Manhattan Institute

Blue-state Republican Blues

Rob Astorino couldn’t hold on in Westchester, even against a lackluster opponent.

Election Day attention focused, predictably, on high-profile statewide races regarded as bellwethers. But local races were important too, such as the one in Westchester County, New York, in which a back-bench New York State senator unseated two-term incumbent Republican County Executive Rob Astorino. Westchester—like Fairfax County in Virginia or Montgomery County in Maryland—is no minor jurisdiction. Its population is just under 1 million (larger than that of six states) and includes such nationally known, upper-class communities as Scarsdale and Chappaqua. The county is far from uniformly wealthy, however—it contains white working-class bastions (Yonkers), poor African-American cities (Mt. Vernon), and immigrant magnets (Port Chester, Mamaroneck). It makes a good political testbed, even if registered Democrats outnumber Republicans, two to one.

A one-time radio and television producer for ESPN and a pragmatic, innovative Republican who put up a respectable showing in the state gubernatorial race in 2014, Astorino had twice won deep-Blue Westchester—where high incomes meet some of the nation’s highest property taxes—as a fiscal conservative.

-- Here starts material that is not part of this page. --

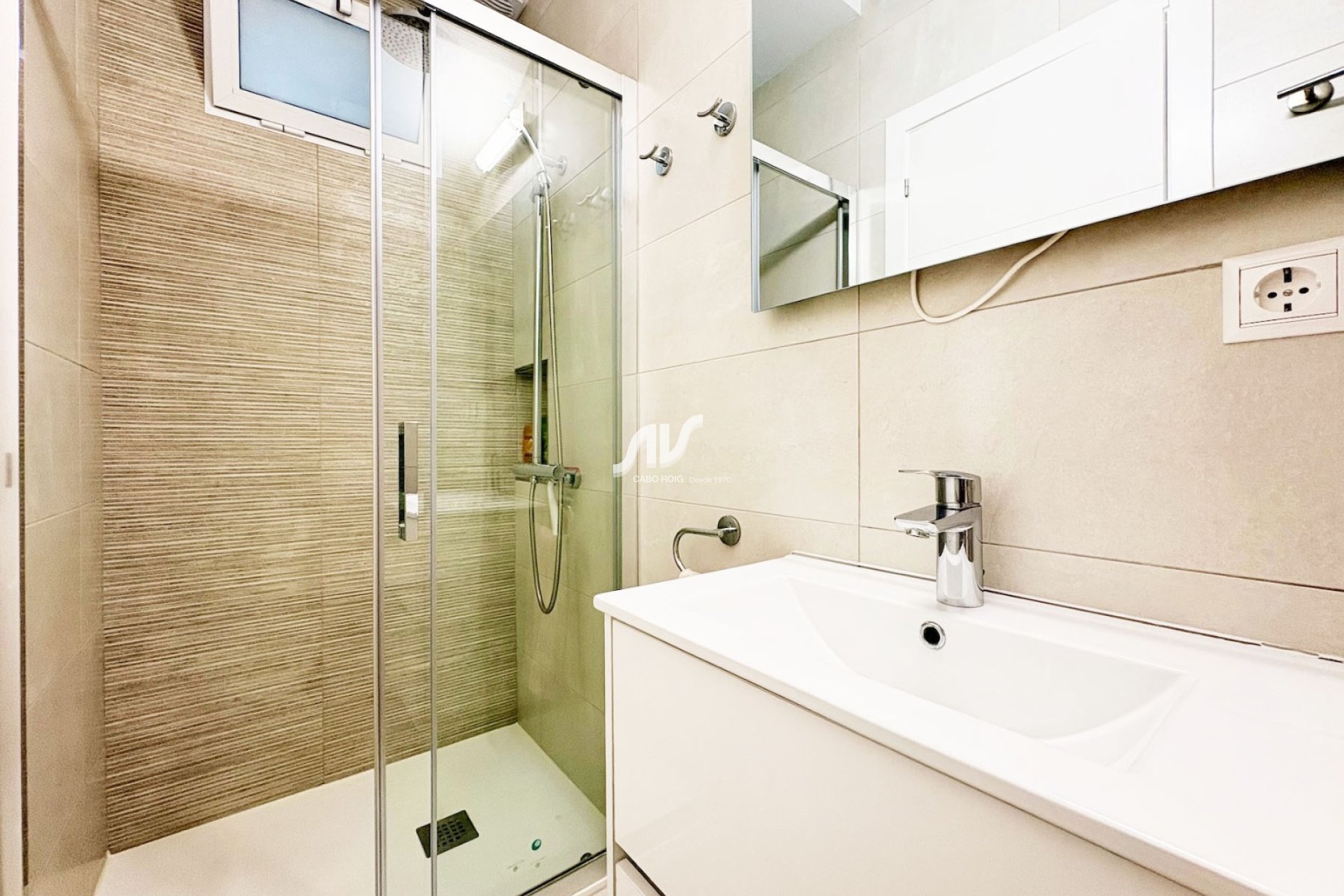 Resale - Semidetached Villa - Orihuela Costa - Cabo Roig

He made good on his promise to hold the line on county taxes, which have been flat, overall, since 2010. He did so in part by reducing the county’s workforce by 1,000 employees and by playing hardball with public-sector unions, whom he pushed to pay a share of employee health-care costs. He advocated for the privatization of management and maintenance at the dilapidated county-owned airport in White Plains—an arrangement that would have netted millions annually in lease payments and private capital investment for upgrades, but will likely not go forward now, with his defeat. He responded to public concern about Uber and Lyft by initiating a program of voluntary driver-background checks. In a region with a large Hispanic immigrant population, he held off a “sanctuary county” effort led by the Democratic-controlled county legislature, promoting instead a plan for local police to refrain from checking immigrants’ legal status, except when arrested or suspected of criminal activity. Astorino was adept at reaching the compromise in short supply today in American politics.

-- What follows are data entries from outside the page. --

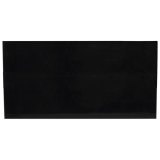 Allstar Performance Sheet Plastic ALL22232 Plastic, 30 in x 48 in x .250 in thumbnail 2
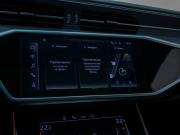 Audi RS 6 IV (C8) Москва  - изображение 42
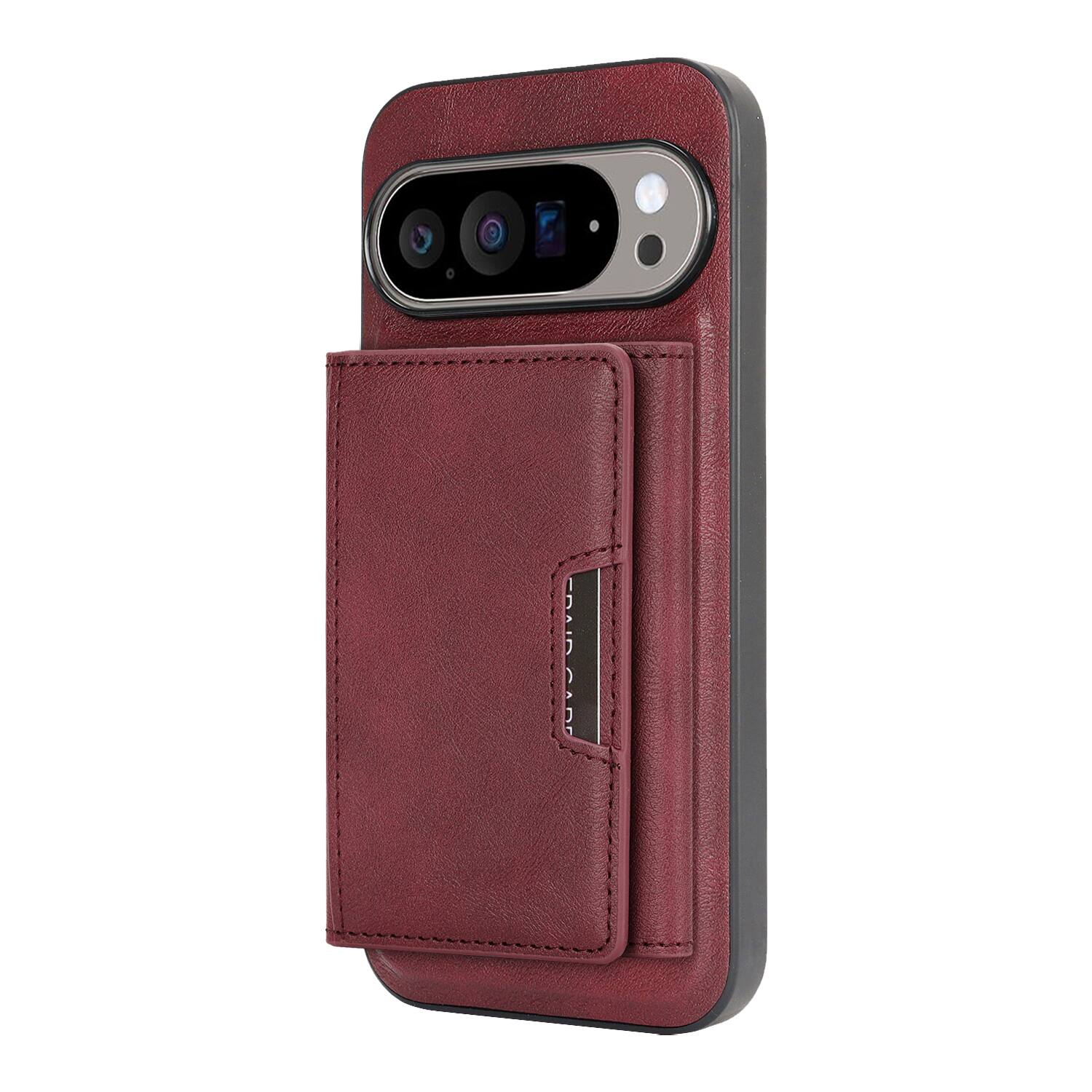 Winered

Ultimately, though, his good ideas couldn’t stem a Democratic tide, even against weak opposition. Astorino’s opponent, State Senator George Latimer, had driven an unregistered car, amassed unpaid parking tickets totaling thousands of dollars, and missed a state budget vote because he was vacationing in London—with a woman not his wife. No matter: Astorino was likely hurt by liberal voter resentment against President Trump. In one television ad, the Latimer campaign flashed a mock cover of Trump’s book The Art of the Deal, doctored to feature the president and Astorino, along with a voice-over: “It’s the Trump playbook, and Rob Astorino copies every word.”

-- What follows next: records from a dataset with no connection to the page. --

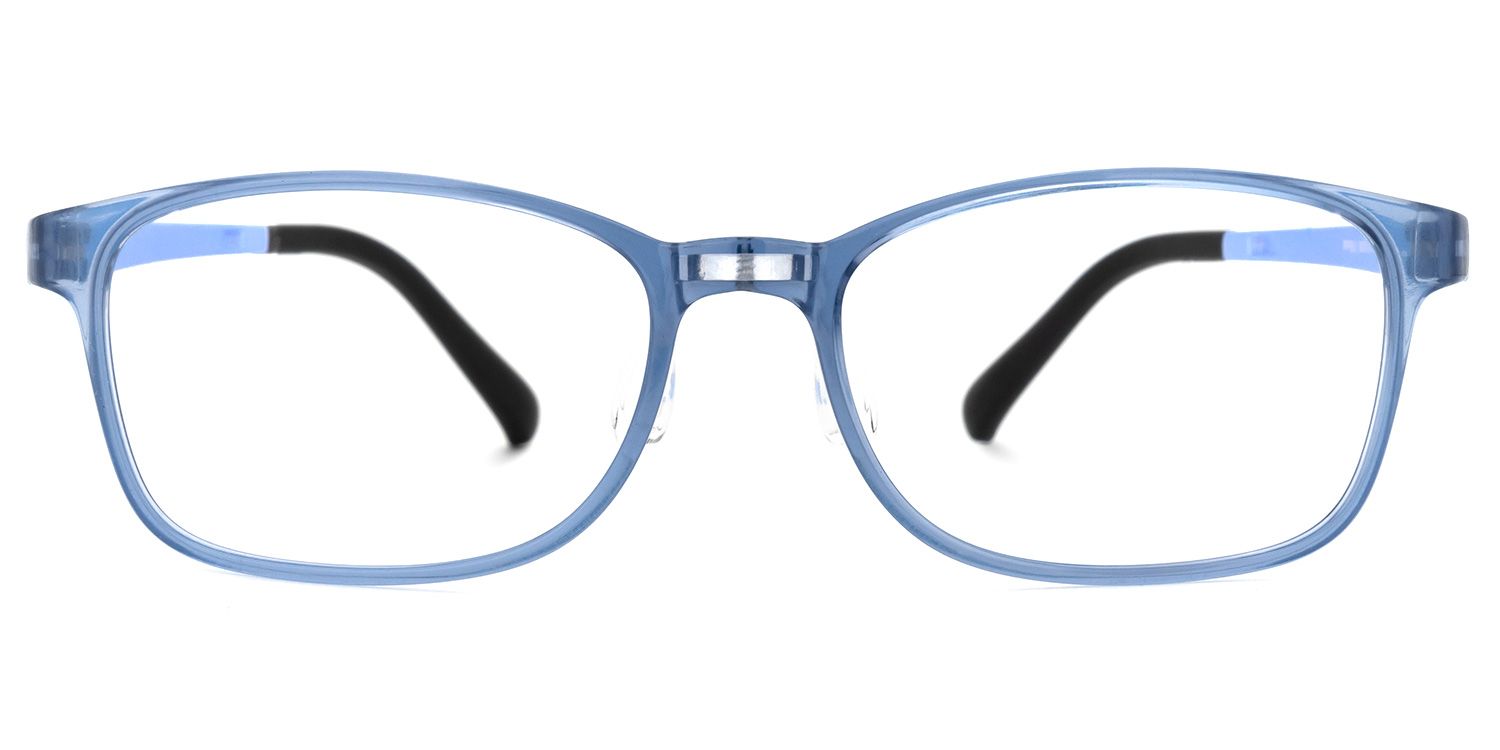 Buy Aslan (Age 8 - 12) Optical Glasses and EyeWear Frames on Zeelool0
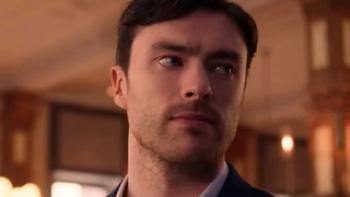 Wedding Season Trailer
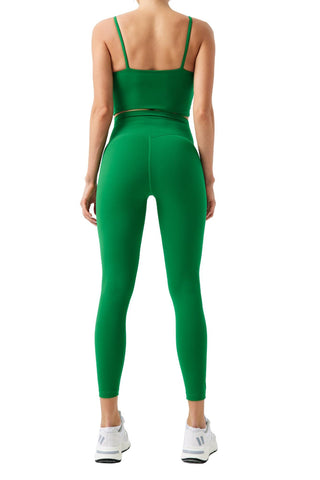 XO Sculpt Seamless Leggings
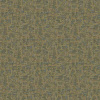 Флизелиновые обои Artdecorium Moritzburg 4185-04 — фото2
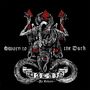 Watain: Sworn To The Dark (Limited Edition) (45 RPM), LP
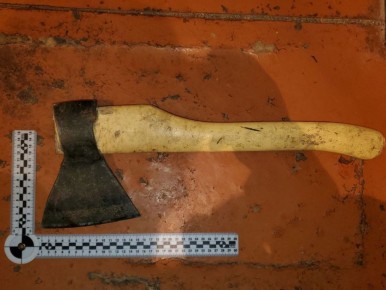 ������ ���������� ������ ���� ���������� ���������� ����, ������ ��������� �������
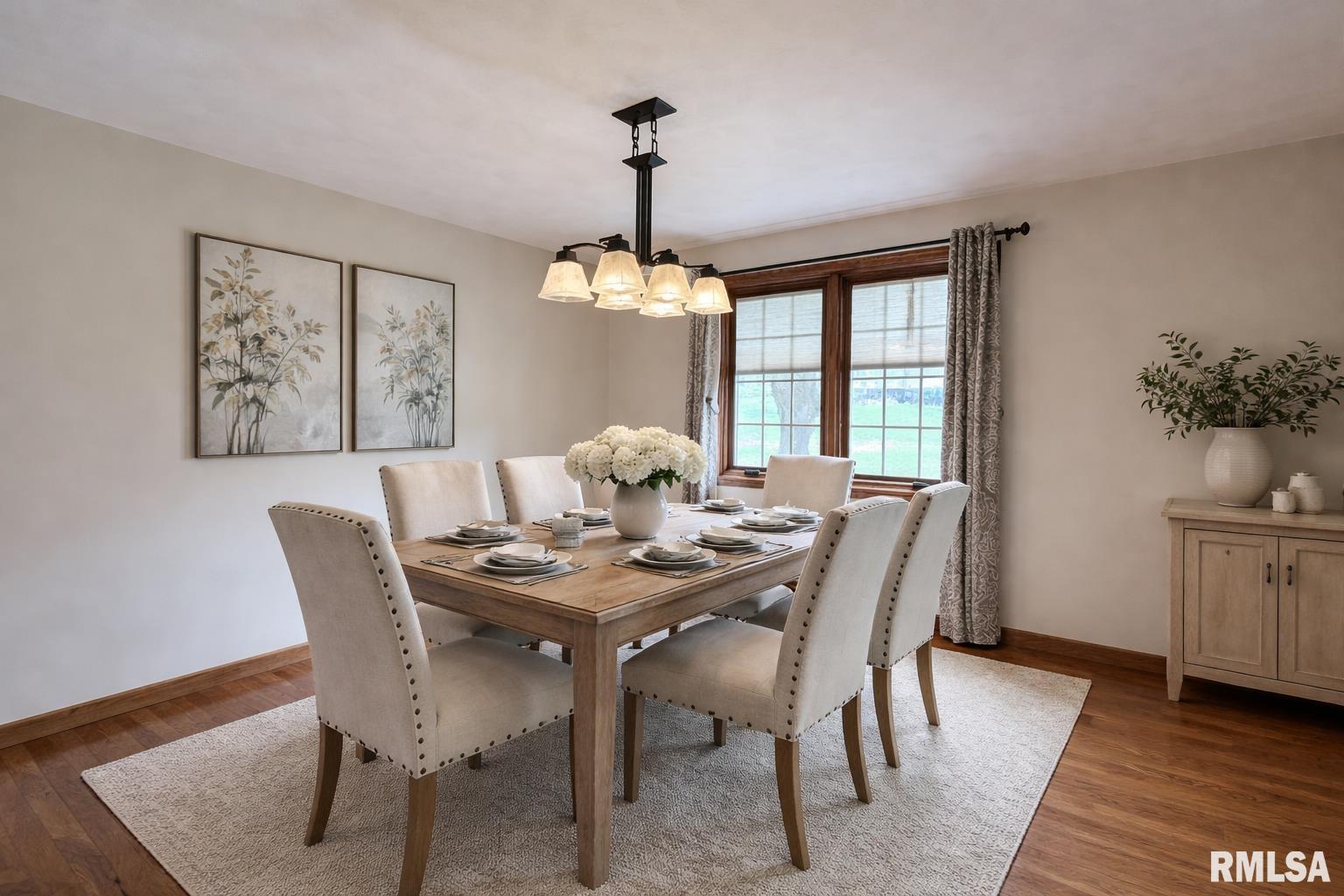 1202 Arthur Lane Metamora, IL 61548 - Photo 15 of 66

Astorino had romped previously in conservative and Italian-American parts of the county—but he had also won, or come close, in more liberal and moderate sections. In 2013, he narrowly won liberal, multicultural Ossining, by about 100 votes; this year, he lost by almost 2,000. In 2013, he’d come within 150 votes of winning liberal, Jewish Scarsdale; this time he lost it by some 1,300 votes. Last time out, he’d won liberal Pelham outright; this time he lost it badly. What’s more, throughout Westchester, not only did the Democratic vote rise dramatically, but Astorino’s Republican vote also declined. The victorious Latimer received 35,000 more votes than the Democratic loser in 2013, while Astorino’s total was down by 12,000. Democrats were energized, and Republicans appear to have been disaffected.

Astorino may have hurt his cause by permitting a gun show to go on at a county-owned auditorium and generally sticking to a socially conservative agenda. The Blue-state Republican playbook seems to require a mix of fiscal conservatism and social libertarianism; consider Charlie Baker in Massachusetts, currently the nation’s most popular governor. Astorino’s defeat means that New Yorkers have lost a serious policymaker and proven candidate who might have made noise at the state level. In his 2014 gubernatorial run, he held Andrew Cuomo to 54 percent and won most of the state’s counties outside New York City. This year, though, Astorino was apparently sunk by a surge of anti-Trump sentiment.